A. Les circonstances de l’espèce

Les faits de la cause, tels qu’ils ont été exposés par les parties, peuvent se résumer comme suit.

Le premier requérant, journaliste et écrivain, est l’auteur du livre intitulé « AUBRAC-Lyon 1943 » paru en 1997 aux Editions Albin Michel (troisième requérante) dont le président est le deuxième requérant.

Dans son livre, le requérant retraça la chronologie des événements qui se sont déroulés à Lyon en 1943 en relation avec les mouvements de résistance et fit le point sur les différentes sources d’archives disponibles sur cette période. L’une des principales zones d’ombre de cette période est la réunion de Caluire, particulièrement importante pour l’histoire de la Résistance française et qui constitue un épisode majeur de l’histoire de la seconde guerre mondiale. En effet, en ce 21 juin 1943, Klaus Barbie, chef régional de la Gestapo, arrêta les principaux chefs de la résistance réunis dans la banlieue de Lyon à Caluire. A cette occasion, furent arrêtés notamment Jean Moulin et Raymond Aubrac, ce dernier parvenant à s’évader à l’automne 1943.

Le requérant présenta cet événement majeur sous le « prisme des époux Aubrac ». Selon le requérant, cet ouvrage mettait à l’épreuve la « vérité officielle longuement rapportée notamment par les époux Aubrac dans les média et rapportée par un film à leur gloire ».

Cet ouvrage suscita de vifs débats dans l’opinion française et le journal Libération organisa une table ronde d’historiens en présence des époux Aubrac.

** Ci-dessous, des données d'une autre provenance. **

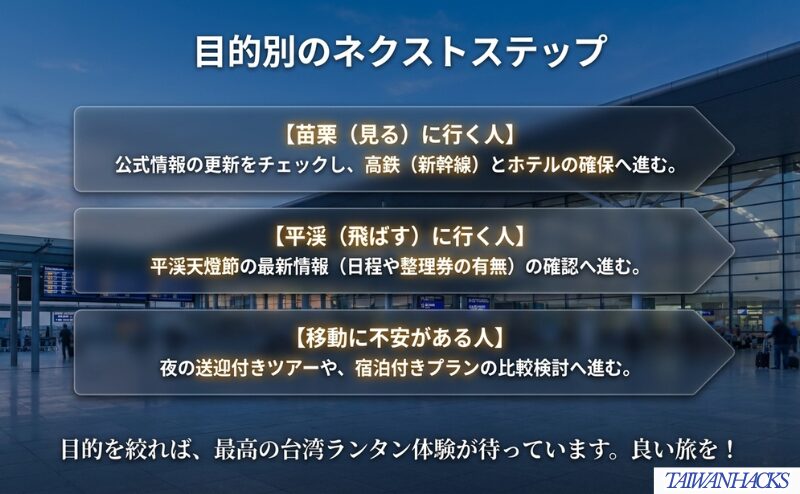 苗栗で見る人、平渓で飛ばす人、移動に不安がある人の次の確認先を目的別に整理した図。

Le mémoire signé par Klaus Barbie et remis par son avocat, Maître Vergès, le 4 juillet 1990, au juge d’instruction, qui instruisait sur ses activités à l’égard des résistants de Lyon, et connu sous le nom « testament Barbie », fut annexé en totalité à l’ouvrage critiqué. Le requérant tira un grand nombre de ses interrogations de la confrontation de ce document avec l’histoire « officielle ». Il conclut son livre en indiquant qu’aucune pièce d’archives ne permet de valider l’accusation de trahison proférée par Klaus Barbie à l’encontre de Raymond Aubrac, mais au terme de cette étude, on constate que « des récits parfois fantaisistes ont été formulés » ; suivent deux pages d’interrogations de nature à jeter le doute sur l’innocence de Raymond Aubrac.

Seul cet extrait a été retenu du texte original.